→ **BRIEF**:
What you give back should match the records word for word.

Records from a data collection
------------------------------------------------------------------------

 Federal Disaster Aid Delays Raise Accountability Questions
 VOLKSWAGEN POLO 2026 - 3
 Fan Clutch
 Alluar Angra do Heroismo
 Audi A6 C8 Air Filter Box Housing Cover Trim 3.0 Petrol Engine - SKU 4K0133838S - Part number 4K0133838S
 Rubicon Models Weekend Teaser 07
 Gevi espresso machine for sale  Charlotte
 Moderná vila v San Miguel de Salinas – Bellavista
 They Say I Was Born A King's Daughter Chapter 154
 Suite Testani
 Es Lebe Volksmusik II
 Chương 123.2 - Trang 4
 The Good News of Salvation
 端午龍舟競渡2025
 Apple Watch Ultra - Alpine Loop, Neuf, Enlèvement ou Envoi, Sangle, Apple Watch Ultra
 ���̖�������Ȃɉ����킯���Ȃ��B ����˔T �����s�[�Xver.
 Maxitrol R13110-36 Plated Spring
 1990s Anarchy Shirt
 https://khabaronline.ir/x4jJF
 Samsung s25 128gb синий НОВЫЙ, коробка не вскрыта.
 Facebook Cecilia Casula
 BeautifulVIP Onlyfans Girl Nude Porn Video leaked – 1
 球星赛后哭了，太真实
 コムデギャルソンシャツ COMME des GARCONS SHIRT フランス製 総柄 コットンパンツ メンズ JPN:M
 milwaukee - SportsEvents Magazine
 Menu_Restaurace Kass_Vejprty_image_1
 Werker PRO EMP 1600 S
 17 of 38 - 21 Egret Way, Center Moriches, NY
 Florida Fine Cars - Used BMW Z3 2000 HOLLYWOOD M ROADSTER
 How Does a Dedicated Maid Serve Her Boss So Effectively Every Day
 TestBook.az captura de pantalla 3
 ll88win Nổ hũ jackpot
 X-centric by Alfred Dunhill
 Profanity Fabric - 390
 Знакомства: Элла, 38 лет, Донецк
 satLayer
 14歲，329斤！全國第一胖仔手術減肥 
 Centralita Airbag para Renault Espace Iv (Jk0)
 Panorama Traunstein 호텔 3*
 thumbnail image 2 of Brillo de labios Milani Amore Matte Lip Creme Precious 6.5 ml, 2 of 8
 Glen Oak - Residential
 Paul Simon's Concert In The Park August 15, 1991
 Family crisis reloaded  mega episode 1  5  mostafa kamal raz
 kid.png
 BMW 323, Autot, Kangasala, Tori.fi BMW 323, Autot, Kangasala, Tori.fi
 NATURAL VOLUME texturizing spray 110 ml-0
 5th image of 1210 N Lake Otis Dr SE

------------------------------------------------------------------------

→ **YOUR SOLUTION**:
 Federal Disaster Aid Delays Raise Accountability Questions
 VOLKSWAGEN POLO 2026 - 3
 Fan Clutch
 Alluar Angra do Heroismo
 Audi A6 C8 Air Filter Box Housing Cover Trim 3.0 Petrol Engine - SKU 4K0133838S - Part number 4K0133838S
 Rubicon Models Weekend Teaser 07
 Gevi espresso machine for sale  Charlotte
 Moderná vila v San Miguel de Salinas – Bellavista
 They Say I Was Born A King's Daughter Chapter 154
 Suite Testani
 Es Lebe Volksmusik II
 Chương 123.2 - Trang 4
 The Good News of Salvation
 端午龍舟競渡2025
 Apple Watch Ultra - Alpine Loop, Neuf, Enlèvement ou Envoi, Sangle, Apple Watch Ultra
 ���̖�������Ȃɉ����킯���Ȃ��B ����˔T �����s�[�Xver.
 Maxitrol R13110-36 Plated Spring
 1990s Anarchy Shirt
 https://khabaronline.ir/x4jJF
 Samsung s25 128gb синий НОВЫЙ, коробка не вскрыта.
 Facebook Cecilia Casula
 BeautifulVIP Onlyfans Girl Nude Porn Video leaked – 1
 球星赛后哭了，太真实
 コムデギャルソンシャツ COMME des GARCONS SHIRT フランス製 総柄 コットンパンツ メンズ JPN:M
 milwaukee - SportsEvents Magazine
 Menu_Restaurace Kass_Vejprty_image_1
 Werker PRO EMP 1600 S
 17 of 38 - 21 Egret Way, Center Moriches, NY
 Florida Fine Cars - Used BMW Z3 2000 HOLLYWOOD M ROADSTER
 How Does a Dedicated Maid Serve Her Boss So Effectively Every Day
 TestBook.az captura de pantalla 3
 ll88win Nổ hũ jackpot
 X-centric by Alfred Dunhill
 Profanity Fabric - 390
 Знакомства: Элла, 38 лет, Донецк
 satLayer
 14歲，329斤！全國第一胖仔手術減肥 
 Centralita Airbag para Renault Espace Iv (Jk0)
 Panorama Traunstein 호텔 3*
 thumbnail image 2 of Brillo de labios Milani Amore Matte Lip Creme Precious 6.5 ml, 2 of 8
 Glen Oak - Residential
 Paul Simon's Concert In The Park August 15, 1991
 Family crisis reloaded  mega episode 1  5  mostafa kamal raz
 kid.png
 BMW 323, Autot, Kangasala, Tori.fi BMW 323, Autot, Kangasala, Tori.fi
 NATURAL VOLUME texturizing spray 110 ml-0
 5th image of 1210 N Lake Otis Dr SE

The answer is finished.